Single by Fun Boy Three

from the album Waiting
- Released: 1983
- Genre: New wave
- Length: 3:08
- Label: Chrysalis
- Songwriter(s): Golding, Hall, Staples
- Producer(s): Fun Boy Three, David Byrne

Fun Boy Three singles chronology
| "The More I See (The Less I Believe)" (1982) | "The Tunnel of Love" (1983) | "Our Lips Are Sealed" (1983) |

= The Tunnel of Love (song) =

"The Tunnel of Love" (sometimes listed as "Tunnel of Love") is a song written and recorded by the group Fun Boy Three. It was the second single from their second album Waiting and returned the group to the UK top ten following the comparative failure of the album's first single "The More I See (The Less I Believe)", which had been their only single release to miss the UK top 40.

Both the single and album contain the same version of the song. However, on the album, David Byrne is credited with production, while the single credits The Fun Boy Three with production, and David Byrne and Jeremy Green with mixing.

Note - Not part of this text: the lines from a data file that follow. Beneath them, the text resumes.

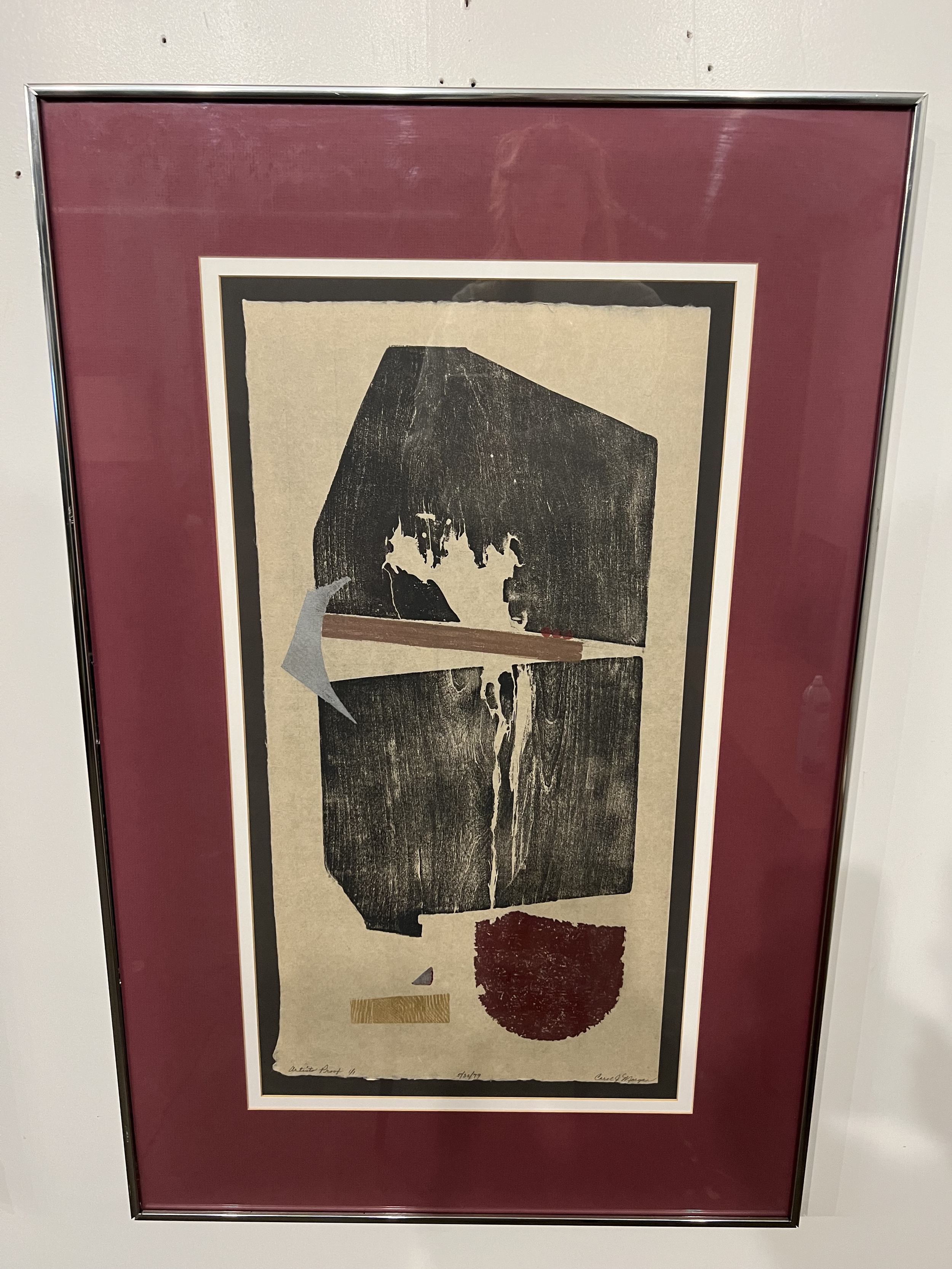 Framed Stamped Litho by Artist Carole Morgan Signed and Numbered Ap 1/1 79’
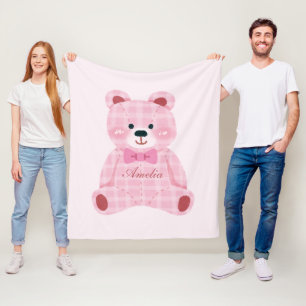 Pink Gingham Teddy Fleece Blanket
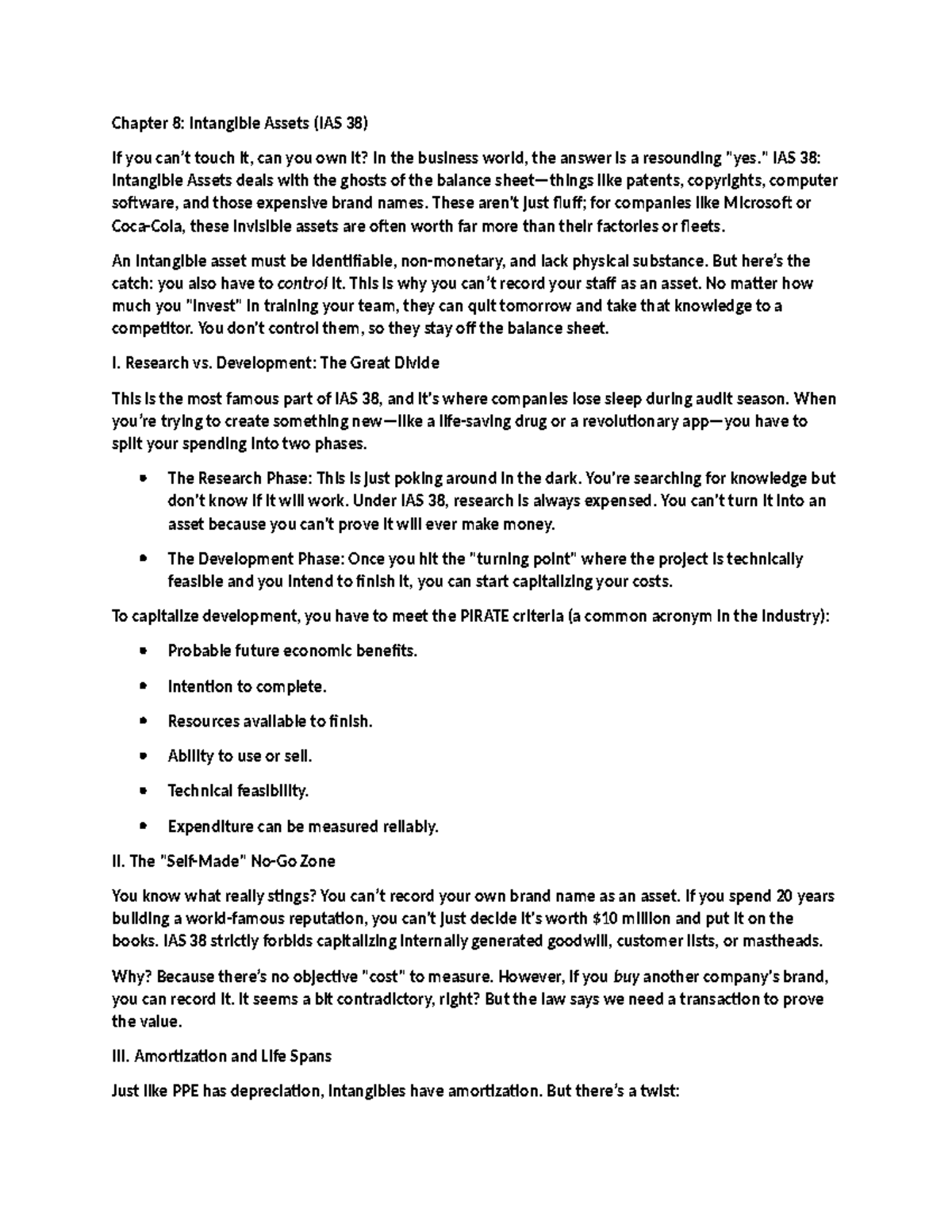 Chapter 8: IAS 38 - Understanding Intangible Assets and Their Value ...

The B-side featured an alternative version of their debut single "The Lunatics (Have Taken Over the Asylum)", performed using only voices and body percussion.

==Track listing==
- Fun Boy Three 7" single (Chrysalis CHS 2678) / 12" single (Chrysalis CHS 12 2678)

Most issues of the single list the title as "The Tunnel of Love" on the cover and "Tunnel of Love" on the label. On the album Waiting, the title is consistently given as "The Tunnel of Love".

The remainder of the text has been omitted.